— Prompt —
Go through the entries below from the first line and output each one exactly, up to and including the line with "Lebole Maison Orecchini".

Dataset records:
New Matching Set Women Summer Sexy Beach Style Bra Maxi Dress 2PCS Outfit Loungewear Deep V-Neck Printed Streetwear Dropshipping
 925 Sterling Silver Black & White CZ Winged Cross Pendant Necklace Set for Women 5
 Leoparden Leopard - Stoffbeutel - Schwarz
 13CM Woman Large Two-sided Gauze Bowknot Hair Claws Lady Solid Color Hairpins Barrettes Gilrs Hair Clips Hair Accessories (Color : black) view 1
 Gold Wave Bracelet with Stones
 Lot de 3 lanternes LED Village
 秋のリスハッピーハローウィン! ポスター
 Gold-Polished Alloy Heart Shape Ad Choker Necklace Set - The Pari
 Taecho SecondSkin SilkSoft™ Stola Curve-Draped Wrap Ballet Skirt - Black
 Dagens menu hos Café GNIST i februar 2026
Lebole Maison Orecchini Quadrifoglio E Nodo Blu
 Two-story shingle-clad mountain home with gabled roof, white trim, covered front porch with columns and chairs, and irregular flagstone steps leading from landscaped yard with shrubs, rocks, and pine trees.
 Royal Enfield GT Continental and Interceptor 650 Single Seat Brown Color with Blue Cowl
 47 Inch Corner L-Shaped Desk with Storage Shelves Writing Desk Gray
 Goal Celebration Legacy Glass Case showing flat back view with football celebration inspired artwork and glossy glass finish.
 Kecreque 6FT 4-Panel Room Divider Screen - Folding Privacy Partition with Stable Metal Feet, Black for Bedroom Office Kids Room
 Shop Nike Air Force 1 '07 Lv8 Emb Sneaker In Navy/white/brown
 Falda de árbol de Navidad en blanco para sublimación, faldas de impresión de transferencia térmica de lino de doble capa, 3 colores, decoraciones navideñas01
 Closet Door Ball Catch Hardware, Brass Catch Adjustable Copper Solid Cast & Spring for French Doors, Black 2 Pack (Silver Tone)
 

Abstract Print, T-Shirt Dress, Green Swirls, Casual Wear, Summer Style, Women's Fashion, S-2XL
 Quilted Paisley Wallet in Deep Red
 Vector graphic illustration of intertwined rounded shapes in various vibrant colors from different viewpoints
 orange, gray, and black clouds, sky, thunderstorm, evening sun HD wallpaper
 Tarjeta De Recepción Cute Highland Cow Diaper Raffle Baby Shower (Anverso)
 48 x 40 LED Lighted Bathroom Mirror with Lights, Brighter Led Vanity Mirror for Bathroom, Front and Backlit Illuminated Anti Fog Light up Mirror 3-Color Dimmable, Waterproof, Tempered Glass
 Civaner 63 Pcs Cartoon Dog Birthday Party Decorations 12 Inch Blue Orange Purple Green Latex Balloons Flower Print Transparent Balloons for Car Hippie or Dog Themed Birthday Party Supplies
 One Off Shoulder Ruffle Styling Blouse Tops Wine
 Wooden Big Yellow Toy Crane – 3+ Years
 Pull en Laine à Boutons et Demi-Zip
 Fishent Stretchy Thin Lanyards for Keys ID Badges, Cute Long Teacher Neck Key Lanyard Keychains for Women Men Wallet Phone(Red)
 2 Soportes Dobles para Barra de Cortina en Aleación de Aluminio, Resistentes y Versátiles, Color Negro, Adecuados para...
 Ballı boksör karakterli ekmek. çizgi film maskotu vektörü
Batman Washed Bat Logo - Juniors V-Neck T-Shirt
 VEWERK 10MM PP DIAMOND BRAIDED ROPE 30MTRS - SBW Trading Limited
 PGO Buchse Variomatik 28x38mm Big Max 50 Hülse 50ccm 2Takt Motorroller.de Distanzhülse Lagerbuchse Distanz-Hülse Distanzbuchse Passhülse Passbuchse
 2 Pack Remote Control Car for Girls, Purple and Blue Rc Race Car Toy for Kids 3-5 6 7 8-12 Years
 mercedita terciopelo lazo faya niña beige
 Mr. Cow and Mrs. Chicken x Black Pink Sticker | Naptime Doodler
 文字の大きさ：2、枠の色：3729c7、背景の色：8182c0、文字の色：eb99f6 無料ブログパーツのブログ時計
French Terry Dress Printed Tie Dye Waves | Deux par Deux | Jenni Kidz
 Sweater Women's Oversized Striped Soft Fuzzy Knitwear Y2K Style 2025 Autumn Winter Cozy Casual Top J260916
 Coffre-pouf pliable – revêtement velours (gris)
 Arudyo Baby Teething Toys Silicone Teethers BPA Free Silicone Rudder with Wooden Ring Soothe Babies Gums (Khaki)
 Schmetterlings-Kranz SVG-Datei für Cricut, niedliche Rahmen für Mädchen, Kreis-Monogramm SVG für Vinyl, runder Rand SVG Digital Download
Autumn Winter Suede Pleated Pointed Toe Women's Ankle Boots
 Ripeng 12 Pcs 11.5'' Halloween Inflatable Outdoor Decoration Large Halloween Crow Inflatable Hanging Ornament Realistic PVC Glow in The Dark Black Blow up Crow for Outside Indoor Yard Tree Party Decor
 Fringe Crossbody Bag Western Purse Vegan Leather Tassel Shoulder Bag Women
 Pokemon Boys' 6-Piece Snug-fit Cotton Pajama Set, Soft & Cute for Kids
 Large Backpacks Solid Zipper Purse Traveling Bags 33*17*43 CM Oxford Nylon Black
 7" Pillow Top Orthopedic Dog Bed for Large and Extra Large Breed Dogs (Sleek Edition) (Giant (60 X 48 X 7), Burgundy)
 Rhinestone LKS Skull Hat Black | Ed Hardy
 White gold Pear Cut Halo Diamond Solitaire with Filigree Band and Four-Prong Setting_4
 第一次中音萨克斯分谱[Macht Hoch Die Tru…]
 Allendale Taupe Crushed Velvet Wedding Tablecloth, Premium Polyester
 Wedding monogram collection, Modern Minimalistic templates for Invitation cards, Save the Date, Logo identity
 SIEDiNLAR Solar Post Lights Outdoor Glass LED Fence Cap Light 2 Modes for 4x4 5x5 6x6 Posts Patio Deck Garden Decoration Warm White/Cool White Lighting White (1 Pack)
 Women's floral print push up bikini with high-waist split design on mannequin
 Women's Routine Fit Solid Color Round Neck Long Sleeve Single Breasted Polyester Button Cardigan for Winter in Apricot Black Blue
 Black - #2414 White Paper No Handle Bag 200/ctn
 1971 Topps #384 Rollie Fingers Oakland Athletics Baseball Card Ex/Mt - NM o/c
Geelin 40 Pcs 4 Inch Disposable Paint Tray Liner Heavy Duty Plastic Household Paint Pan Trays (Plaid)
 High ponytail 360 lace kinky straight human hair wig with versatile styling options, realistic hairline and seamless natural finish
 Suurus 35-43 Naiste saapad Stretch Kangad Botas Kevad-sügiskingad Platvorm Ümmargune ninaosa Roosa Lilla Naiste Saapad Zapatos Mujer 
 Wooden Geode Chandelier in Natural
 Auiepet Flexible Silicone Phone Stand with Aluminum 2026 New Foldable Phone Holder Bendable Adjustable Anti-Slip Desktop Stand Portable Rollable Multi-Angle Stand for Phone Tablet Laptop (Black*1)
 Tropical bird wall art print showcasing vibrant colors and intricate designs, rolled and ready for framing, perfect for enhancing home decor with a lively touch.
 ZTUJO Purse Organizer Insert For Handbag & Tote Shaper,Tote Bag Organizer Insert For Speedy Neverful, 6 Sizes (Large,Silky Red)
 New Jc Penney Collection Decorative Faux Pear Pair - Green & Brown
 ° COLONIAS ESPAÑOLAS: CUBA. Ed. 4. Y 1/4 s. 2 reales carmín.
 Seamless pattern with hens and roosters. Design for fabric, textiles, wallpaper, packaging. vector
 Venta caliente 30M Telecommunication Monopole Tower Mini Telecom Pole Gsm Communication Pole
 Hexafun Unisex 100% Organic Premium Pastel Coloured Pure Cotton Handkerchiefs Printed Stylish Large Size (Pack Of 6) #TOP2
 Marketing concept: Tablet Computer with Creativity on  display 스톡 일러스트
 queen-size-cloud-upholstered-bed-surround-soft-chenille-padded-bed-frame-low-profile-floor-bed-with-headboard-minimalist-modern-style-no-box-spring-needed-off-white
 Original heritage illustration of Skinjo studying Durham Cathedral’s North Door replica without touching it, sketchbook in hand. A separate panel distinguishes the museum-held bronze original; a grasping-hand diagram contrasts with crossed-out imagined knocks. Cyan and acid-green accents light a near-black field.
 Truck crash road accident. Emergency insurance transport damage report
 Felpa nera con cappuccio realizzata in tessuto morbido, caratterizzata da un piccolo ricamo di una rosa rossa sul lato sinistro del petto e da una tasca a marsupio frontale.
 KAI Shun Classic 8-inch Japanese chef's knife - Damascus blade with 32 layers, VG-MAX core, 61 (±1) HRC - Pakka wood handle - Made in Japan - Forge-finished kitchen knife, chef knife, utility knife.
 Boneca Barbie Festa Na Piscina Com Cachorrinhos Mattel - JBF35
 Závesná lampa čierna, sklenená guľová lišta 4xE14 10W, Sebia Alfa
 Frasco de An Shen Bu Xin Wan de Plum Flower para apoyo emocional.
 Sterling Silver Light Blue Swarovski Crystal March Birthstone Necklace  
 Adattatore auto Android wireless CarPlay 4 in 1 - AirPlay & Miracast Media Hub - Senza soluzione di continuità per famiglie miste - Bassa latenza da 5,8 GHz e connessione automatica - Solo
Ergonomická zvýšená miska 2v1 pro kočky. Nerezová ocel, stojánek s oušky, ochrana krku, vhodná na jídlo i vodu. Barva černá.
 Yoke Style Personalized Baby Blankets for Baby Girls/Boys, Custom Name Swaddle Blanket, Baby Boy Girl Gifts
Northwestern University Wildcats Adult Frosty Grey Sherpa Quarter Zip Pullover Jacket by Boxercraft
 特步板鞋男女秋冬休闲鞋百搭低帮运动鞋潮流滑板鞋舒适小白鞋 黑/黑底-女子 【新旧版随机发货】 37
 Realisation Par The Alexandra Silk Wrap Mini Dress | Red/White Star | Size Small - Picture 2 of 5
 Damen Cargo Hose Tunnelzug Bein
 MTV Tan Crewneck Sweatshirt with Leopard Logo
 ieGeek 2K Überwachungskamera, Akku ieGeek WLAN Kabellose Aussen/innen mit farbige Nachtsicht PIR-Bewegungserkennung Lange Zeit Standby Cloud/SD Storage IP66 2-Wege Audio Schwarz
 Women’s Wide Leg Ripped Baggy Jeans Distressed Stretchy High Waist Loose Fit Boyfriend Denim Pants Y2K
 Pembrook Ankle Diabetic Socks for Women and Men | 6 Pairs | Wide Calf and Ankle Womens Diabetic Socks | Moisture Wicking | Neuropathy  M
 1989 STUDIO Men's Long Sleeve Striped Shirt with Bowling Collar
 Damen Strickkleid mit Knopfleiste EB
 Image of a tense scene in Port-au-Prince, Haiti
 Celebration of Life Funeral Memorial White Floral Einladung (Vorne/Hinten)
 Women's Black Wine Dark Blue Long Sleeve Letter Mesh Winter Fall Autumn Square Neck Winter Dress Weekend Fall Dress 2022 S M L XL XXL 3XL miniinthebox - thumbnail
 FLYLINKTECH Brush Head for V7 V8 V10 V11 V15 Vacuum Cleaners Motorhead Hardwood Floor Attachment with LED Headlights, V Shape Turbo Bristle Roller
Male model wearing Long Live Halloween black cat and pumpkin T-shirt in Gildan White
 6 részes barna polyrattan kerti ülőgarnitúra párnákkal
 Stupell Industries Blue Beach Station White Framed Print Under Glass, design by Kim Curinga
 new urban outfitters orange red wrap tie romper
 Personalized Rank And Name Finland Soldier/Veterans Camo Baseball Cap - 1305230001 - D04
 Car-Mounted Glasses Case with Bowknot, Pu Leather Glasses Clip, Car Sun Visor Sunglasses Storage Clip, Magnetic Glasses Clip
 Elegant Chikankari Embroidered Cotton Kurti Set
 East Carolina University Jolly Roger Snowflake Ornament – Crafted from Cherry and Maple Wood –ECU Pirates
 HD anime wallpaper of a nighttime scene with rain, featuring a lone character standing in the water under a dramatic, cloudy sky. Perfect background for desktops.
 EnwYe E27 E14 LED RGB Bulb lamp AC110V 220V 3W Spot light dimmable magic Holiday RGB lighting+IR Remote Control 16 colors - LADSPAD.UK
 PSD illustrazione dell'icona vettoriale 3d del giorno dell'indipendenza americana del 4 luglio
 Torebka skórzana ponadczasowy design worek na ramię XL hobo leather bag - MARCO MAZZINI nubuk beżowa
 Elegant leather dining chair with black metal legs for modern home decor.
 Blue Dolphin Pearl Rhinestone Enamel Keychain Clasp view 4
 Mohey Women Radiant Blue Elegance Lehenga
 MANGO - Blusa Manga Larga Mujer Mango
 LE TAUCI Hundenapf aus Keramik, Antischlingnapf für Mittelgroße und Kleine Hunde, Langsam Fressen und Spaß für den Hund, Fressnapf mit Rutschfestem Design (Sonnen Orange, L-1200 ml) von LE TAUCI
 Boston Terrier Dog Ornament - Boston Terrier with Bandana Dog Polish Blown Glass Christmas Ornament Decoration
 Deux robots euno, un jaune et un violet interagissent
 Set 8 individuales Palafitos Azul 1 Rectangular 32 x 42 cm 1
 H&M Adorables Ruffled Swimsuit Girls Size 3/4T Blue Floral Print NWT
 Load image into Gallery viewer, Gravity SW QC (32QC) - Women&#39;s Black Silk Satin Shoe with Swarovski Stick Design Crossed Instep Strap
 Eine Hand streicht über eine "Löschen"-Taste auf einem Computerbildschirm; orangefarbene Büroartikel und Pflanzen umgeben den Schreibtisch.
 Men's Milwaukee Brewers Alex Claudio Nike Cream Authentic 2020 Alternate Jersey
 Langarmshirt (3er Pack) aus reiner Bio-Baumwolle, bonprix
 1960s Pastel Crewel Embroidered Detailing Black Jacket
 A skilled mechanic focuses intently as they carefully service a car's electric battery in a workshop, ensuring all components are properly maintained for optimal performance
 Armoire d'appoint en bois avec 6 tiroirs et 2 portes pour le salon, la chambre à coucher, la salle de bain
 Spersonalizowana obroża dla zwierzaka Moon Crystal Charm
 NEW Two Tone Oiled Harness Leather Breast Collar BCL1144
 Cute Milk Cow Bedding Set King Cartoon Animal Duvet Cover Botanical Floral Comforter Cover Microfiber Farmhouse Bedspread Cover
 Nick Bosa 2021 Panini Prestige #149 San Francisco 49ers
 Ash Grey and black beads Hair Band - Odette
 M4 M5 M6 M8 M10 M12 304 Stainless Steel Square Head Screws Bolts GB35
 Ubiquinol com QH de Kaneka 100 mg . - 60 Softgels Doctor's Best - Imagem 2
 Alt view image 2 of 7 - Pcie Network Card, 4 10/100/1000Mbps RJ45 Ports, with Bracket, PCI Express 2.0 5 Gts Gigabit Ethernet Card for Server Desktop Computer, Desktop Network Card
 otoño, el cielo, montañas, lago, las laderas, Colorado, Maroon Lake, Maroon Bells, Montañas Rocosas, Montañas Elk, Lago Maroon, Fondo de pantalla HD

— Problem solution —
New Matching Set Women Summer Sexy Beach Style Bra Maxi Dress 2PCS Outfit Loungewear Deep V-Neck Printed Streetwear Dropshipping
 925 Sterling Silver Black & White CZ Winged Cross Pendant Necklace Set for Women 5
 Leoparden Leopard - Stoffbeutel - Schwarz
 13CM Woman Large Two-sided Gauze Bowknot Hair Claws Lady Solid Color Hairpins Barrettes Gilrs Hair Clips Hair Accessories (Color : black) view 1
 Gold Wave Bracelet with Stones
 Lot de 3 lanternes LED Village
 秋のリスハッピーハローウィン! ポスター
 Gold-Polished Alloy Heart Shape Ad Choker Necklace Set - The Pari
 Taecho SecondSkin SilkSoft™ Stola Curve-Draped Wrap Ballet Skirt - Black
 Dagens menu hos Café GNIST i februar 2026
Lebole Maison Orecchini Quadrifoglio E Nodo Blu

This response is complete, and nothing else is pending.